I have participated in and designed some nonqualified deferred comp plans. Is that what this is?
 
I highly recommend you max out what you can defer. In our case, my wife deferred about 50% of her pay, and set up the payments to occur over a 10 year period starting at age 62. This makes it easier to defer Social Security to age 70.

She put a little of her deferred salary into equities and the rest in cash.

The only regret we have is that I continued working for a couple of years past 62. So we did not really need the income at that time. We just reinvested it in taxable accounts.

Now I am retired and the income is welcome.
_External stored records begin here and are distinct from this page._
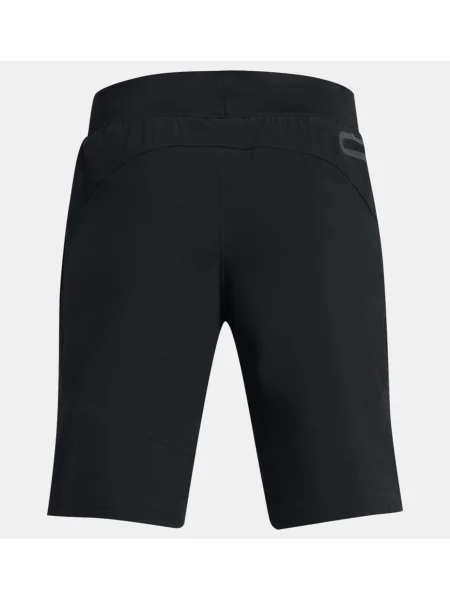 Krátke šortky Under Armour čierna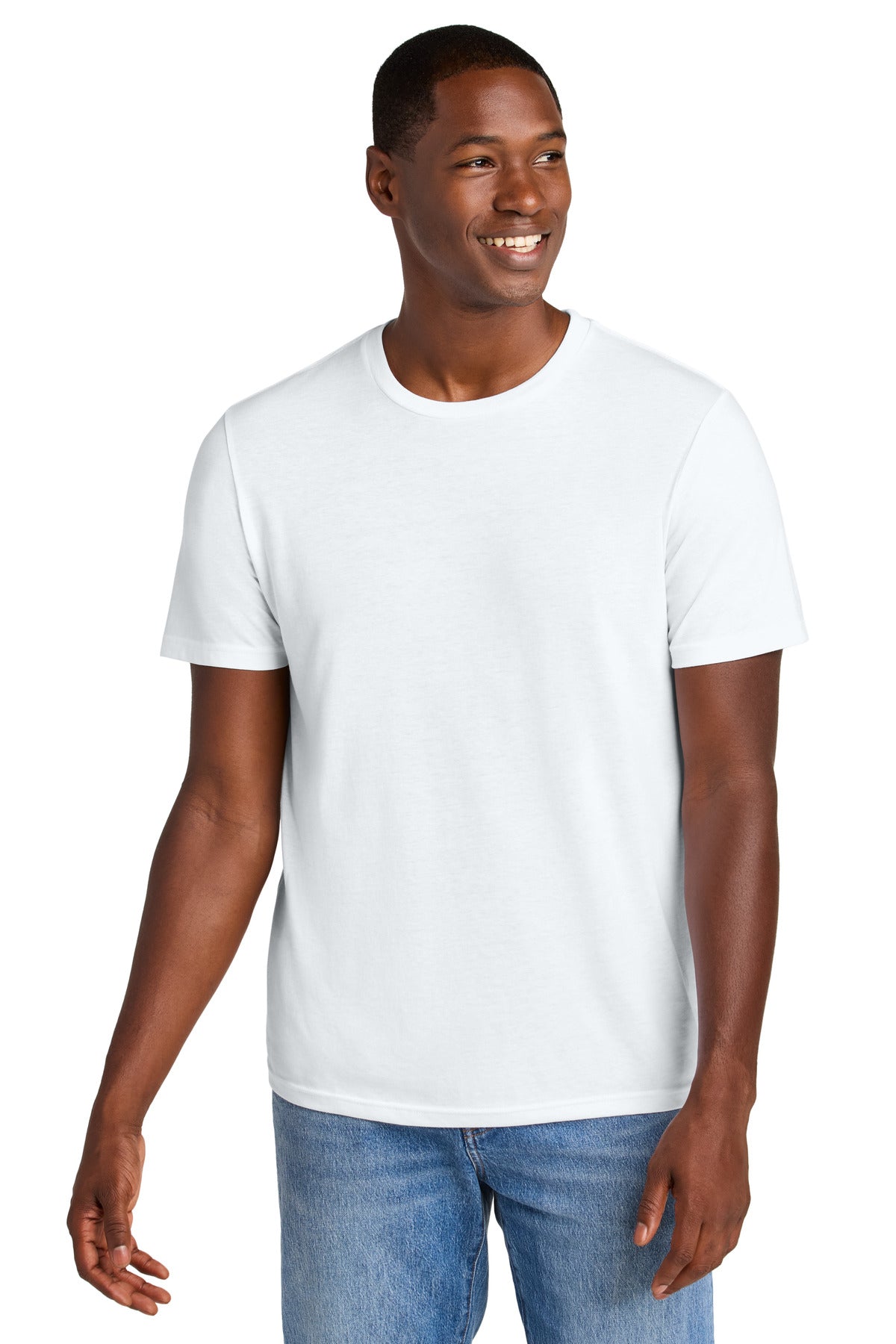 Perfect Weight CVC Tee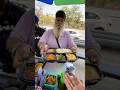 Sardarji S Special Combo Thali Shorts India Food Youtubeshorts Trendingshorts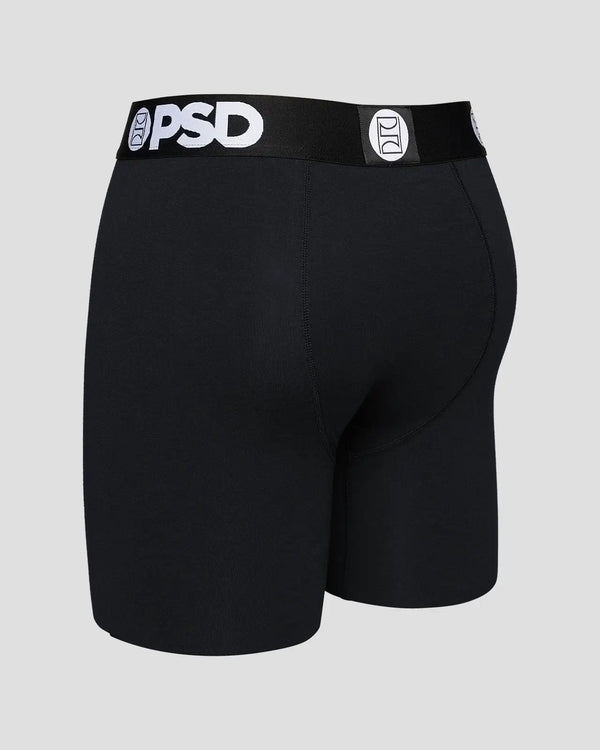 Psd Solids 3 Pack - Black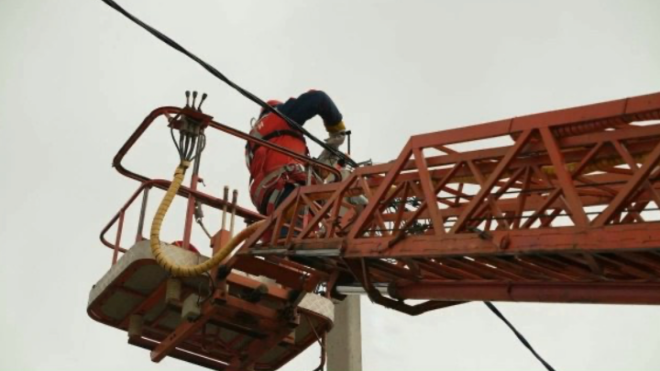 Фото: Комитет по ТЭК Ленинградской области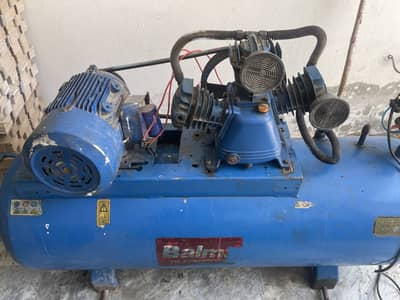 Air tank compressor 300 litter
If you are in the Corporate word, the future is unpredictable. I thought I could stay with my Corp forever but I got a new young whippersnapper boss who decided I was paid too much and kicked me out. I have met other people with similar stories. Best to prepare yourself so you can go when you need to.
 
I assume this is a non-qualified deferred comp plan? I've participated in two of them. There are pros and cons. If there is any match, you should definitely put that amount, beyond that it depends

1) How's your company's balance sheet? Deferred comp plans are at risk in bankruptcy unlike 401ks and you'll be behind any secured creditors technically although a lot of bankruptcy judges will still let employees be whole
2) Will you continue to work if you leave your current job? Deferred comp typically must come back to you within 5 years after leaving (some longer - just check) so if you save a large amount and go to another job, you could end up paying a much higher tax rate if your investments also do well and new job is higher pay. If you plan on retiring after this company, probably worth putting a good amount in.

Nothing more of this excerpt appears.